Photo by Antony Trivet
British Columbia is home to major Blueberry production in Canada. According to Statistics Canada, in 2021, farms in BC accounted for approximately 27000 acres of Highbush berry production which was further revealed to be 88.6% of Canada’s total production. There is an all-time high when it comes to Blueberry production due to increasing exports resulting in farmers shifting from raspberries to Highbush blueberry crops. (Statistics Canada: Mushroom, greenhouse and highbush blueberry farming play pivotal role in British Columbia, 2022).

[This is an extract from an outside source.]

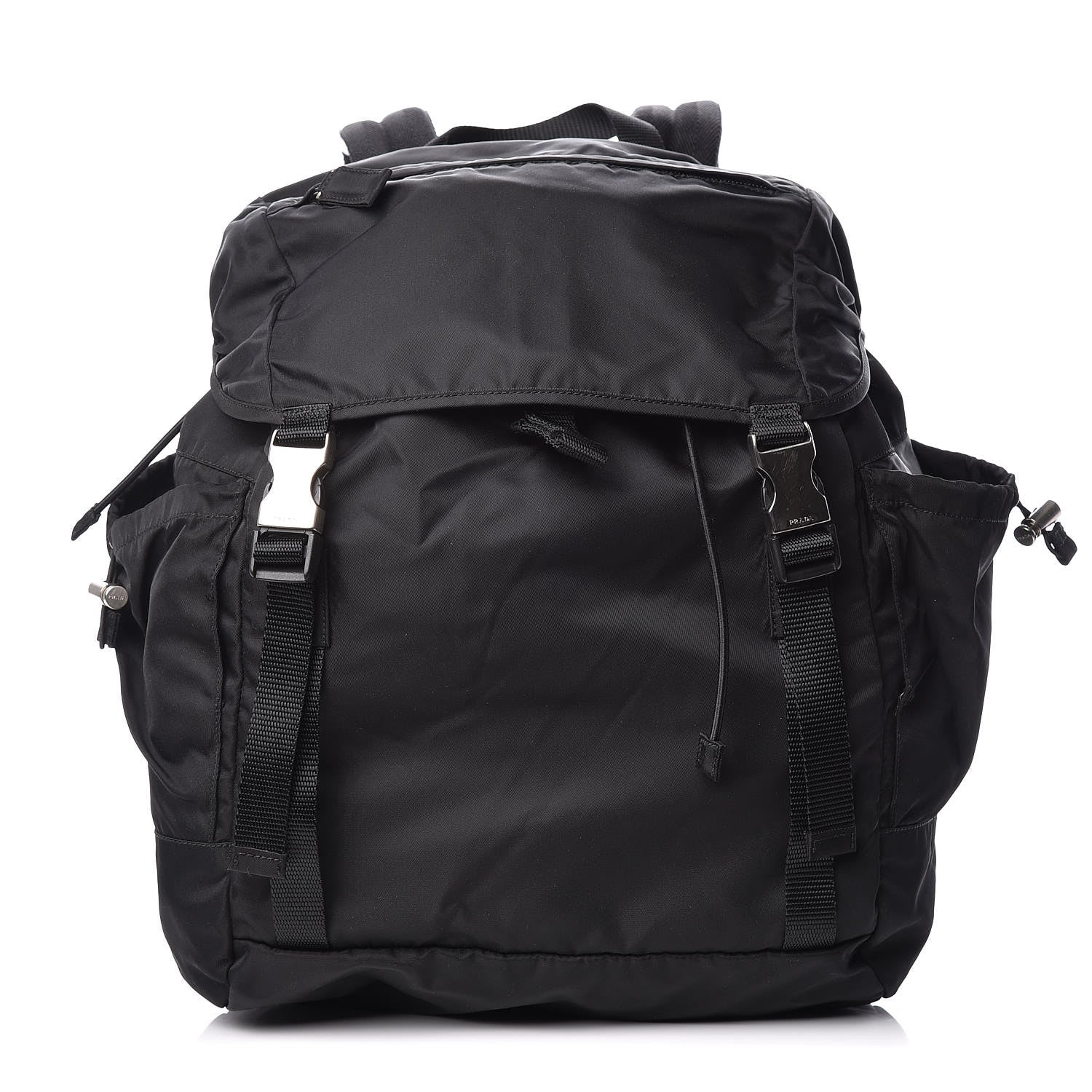 Prada Tessuto Nylon Double Buckle Backpack Black 1 of 10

Since everything comes with its pros and cons. Almost 3 million pounds of blueberries are declared unfit for consumption and further routed for waste every year because of climate change. If we are able to rejuvenate just 1% of blueberries that are wasted then we can save up to 300,000 pounds in BC. Normally, most of the farmers don’t know how to deal with these excess berries, but we have complied 6 different ways to make your efforts relevant!

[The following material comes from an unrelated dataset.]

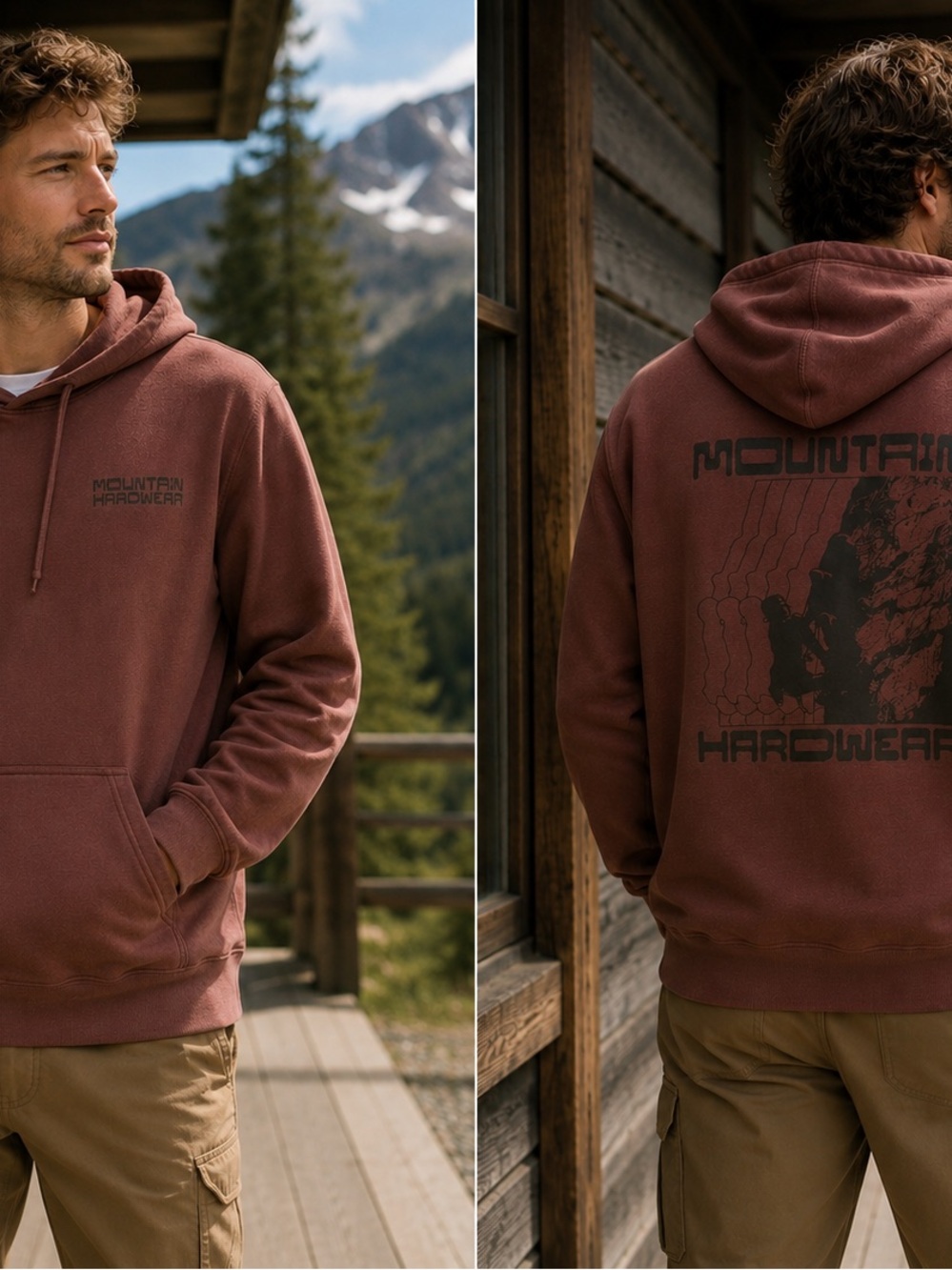 Mountain Hardwear Brown Hoodie with Logo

Where there’s way, there’s Jam.
Blueberries can be processed into various value-added food products such as jams, jellies, preserves, and sauces. Many processing plants in BC turn excess berries into jams and syrups which become a perfect toping for your Sunday afternoon treat. By processing the wasted blueberries, you can also extend their shelf life by doing this. Organizations such as AgroConnect are potentially looking towards accepting blueberries and processing them to make either jams or fertilizers to continue their mission of environment sustainability.
Boost Your Livestock’s Nutrition
Blueberries, even if they are slightly damaged or overripe, can still be fed to animals such as chickens, pigs, or goats. Blueberries are a great source of minerals and antioxidants. However, overripe berries might contain high levels of sugar and should be further deemed for consumption by animals accordingly (Meeblueberries: taking care of our environment).
Boost Your Soil’s Nutrition
Blueberries can be composted & used as a natural fertilizer. When mixed with organic matter such as leaves and food scarps, blueberries can enrich the soil, providing nutrients and improving its overall quality. You can also contact your local fertilizer tester/manufacturer to help you develop a fertilizer from your excess blueberries. (Science Direct: Sustainable blueberry waste recycling towards biorefinery strategy and circular bioeconomy: A review, 2021).
Chill Out and Save for the Future
Instead of deeming your blueberries as excess. You could also freeze your blueberries to increase their shelf life. Then furthermore, you could use these berries in your smoothies, oatmeal or even yogurt. (Food print: How to use leftover berries).
Bye-Bye Pesky Pests
The strong scent of blueberry crops and leaves are a great source of repelling unwanted guests at your farm. Particularly the leaves, can act as a natural animal repellent due to their scent. You can use this to your advantage to deter pests and protect your crops from rabbits and deers.
It is important to understand that your trash could be someone’s gold. There are multiple food banks and facilities in BC that are willing to accept these blueberries. These food bank organizations also have connections with local livestock farmers who can use these berries to feed their livestock. Organizations like AgroConnect and the Animal Food bank could be your go to stop for such requirements. While there are multiple ways to make use of excess berries from your farm, the easier option is to either sell them to a nearby processing plant or donate them to your nearest food bank.